Migration tools: comparison
| Tool | Schema source | Migration file format | Best for |
|---|---|---|---|
| Prisma Migrate | schema.prisma | Auto-generated SQL | Teams using Prisma ORM |
| Drizzle Kit | TypeScript schema files | Auto-generated SQL | Teams using Drizzle ORM |
| node-pg-migrate | JavaScript migration files | JS/TS with up/down | PostgreSQL, raw SQL control |
| db-migrate | JS migration files | JS with up/down | Multi-database support |
| Flyway / Liquibase | SQL/XML files | Versioned SQL files | Enterprise, Java ecosystem |
| Raw SQL + version table | SQL files in migrations/ | Plain SQL | Zero-dependency, SQLite |
Single-server migration: before the ready signal
// src/server.ts — single-server startup sequence
import { execSync } from 'child_process';
import { runMigrations } from './migrations.js';
async function start() {
console.log('[startup] Running database migrations...');
try {
// For Prisma: prisma migrate deploy applies all pending migrations
// For Drizzle: drizzle-kit push or drizzle migrate
// For custom: see the raw SQL runner below
execSync('npx prisma migrate deploy', {
stdio: 'inherit',
timeout: 60_000, // 60-second timeout — fail fast on stuck migrations
});
console.log('[startup] Migrations complete');
} catch (err) {
// Migration failure is fatal — do not signal ready
// The process manager (PM2, systemd) will restart with the current deploy
// If the migration itself is broken, fix it and redeploy
console.error('[startup] Migration failed — aborting:', err);
process.exit(1);
}
// Proceed only after migrations succeed
const httpServer = await startMcpServer();
// Signal ready — process manager allows traffic now
if (process.send) process.send('ready'); // PM2 wait_ready
// For systemd: notify('READY=1')
}
The process.exit(1) on migration failure is intentional. PM2 and systemd interpret a non-zero exit during startup as a failed start attempt and apply the restart policy. After StartLimitBurst failures, the service is marked as failed and alerts fire — which is correct, because a broken migration requires a human (or a new deploy with a fixed migration) to resolve.

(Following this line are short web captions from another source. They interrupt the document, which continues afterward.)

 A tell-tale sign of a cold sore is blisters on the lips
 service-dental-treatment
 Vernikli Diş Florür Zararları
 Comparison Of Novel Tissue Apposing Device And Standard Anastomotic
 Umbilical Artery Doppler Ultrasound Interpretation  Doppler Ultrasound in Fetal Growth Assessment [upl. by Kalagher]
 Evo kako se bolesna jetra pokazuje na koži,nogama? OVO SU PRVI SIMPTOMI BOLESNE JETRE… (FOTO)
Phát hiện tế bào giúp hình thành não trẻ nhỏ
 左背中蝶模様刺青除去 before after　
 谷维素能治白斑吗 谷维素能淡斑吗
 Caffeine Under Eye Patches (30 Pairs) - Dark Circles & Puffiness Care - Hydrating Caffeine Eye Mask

Multi-replica migration: advisory lock pattern
When two replicas start simultaneously (Kubernetes rolling update with maxSurge:1, blue-green deploy), both attempt migrations at the same moment. For PostgreSQL, use an advisory lock to serialise the migration across replicas:
// src/migrate.ts — PostgreSQL advisory lock for multi-replica safety
import pg from 'pg';
const MIGRATION_LOCK_ID = 1234567890; // Arbitrary integer, unique per application
export async function runMigrationsWithLock(databaseUrl: string): Promise {
const client = new pg.Client({ connectionString: databaseUrl });
await client.connect();
try {
// pg_try_advisory_lock returns true if lock acquired, false if already held
// The lock is automatically released when this client disconnects
const { rows } = await client.query(
'SELECT pg_try_advisory_lock($1) AS acquired',
[MIGRATION_LOCK_ID]
);
if (!rows[0].acquired) {
// Another replica holds the lock and is running migrations — wait for it
console.log('[migrations] Waiting for peer to complete migrations...');
await client.query(
'SELECT pg_advisory_lock($1)', // Blocking wait
[MIGRATION_LOCK_ID]
);
console.log('[migrations] Peer completed migrations, proceeding');
// Lock acquired after peer finished — migrations already applied, proceed
return;
}
// Lock acquired — we are the migration runner
console.log('[migrations] Acquired migration lock, running migrations...');
// Run your migrations here
// execSync('npx prisma migrate deploy', { stdio: 'inherit' });
console.log('[migrations] Migrations complete');
} finally {
// Release lock (also released automatically on disconnect)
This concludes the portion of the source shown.